Of course, most baseball fans know Jackson has already spent parts of two season in Chicago, pitching for the White Sox at the end of 2010 and beginning of 2011, sandwiched in between a pair of trades.
But there's no question as to where Jackson's loyalty lies.
"I'm definitely looking forward to pitching on the good side," Jackson said Saturday, much to the delight of the fans. "I'm coming from the bad side -- the dark side -- and now I'm on the North Side. This is one of the greatest fan bases in the game and you see the turnout this weekend.

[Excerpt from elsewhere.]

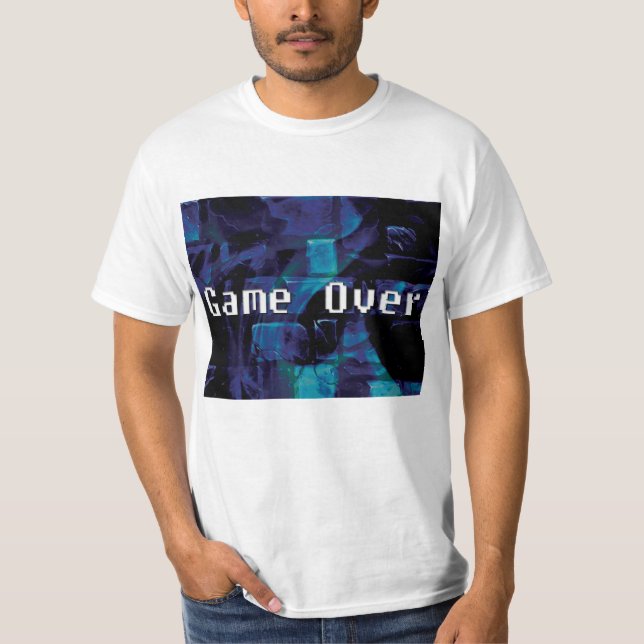 Camiseta Game Over (Anverso)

"It's been one of the greatest fan fests that I've been to...I feel great. There's a lot of energy. I'm excited to get the season started and experience it from the home side of things, instead of the visiting side where everybody is heckling me."
Jackson made the All-Star team in 2009 and already has one no-hitter to his name -- which he called the best and worst game of his career, as he also walked eight batters in the process. He carries a 70-71 lifetime record with a 4.40 ERA and 1.44 WHIP over more than 1,200 innings.
He brings gritty playoff experience to a team in the midst of rebuilding, having already won one World Series with the Cardinals in 2011 and appearing in another with the Rays in '08. Jackson was also a key part of last year's Washington Nationals team that led Major League Baseball with 98 wins in the regular season.
But that doesn't mean Jackson's going to be giving any rah-rah speeches in the locker room anytime soon.
"I'm not coming into a situation assuming I have to be a leader," he said. "You don't necessarily have to be vocal to be a leader. You can lead by actions and I'm definitely one of those guys. I'm not necessarily the most outspoken guy, unless I need to be.
"When there comes a situation to provide information, I can definitely fulfill that role. I'm just coming to play and have a lot of fun with these guys and try to win a lot of ballgames."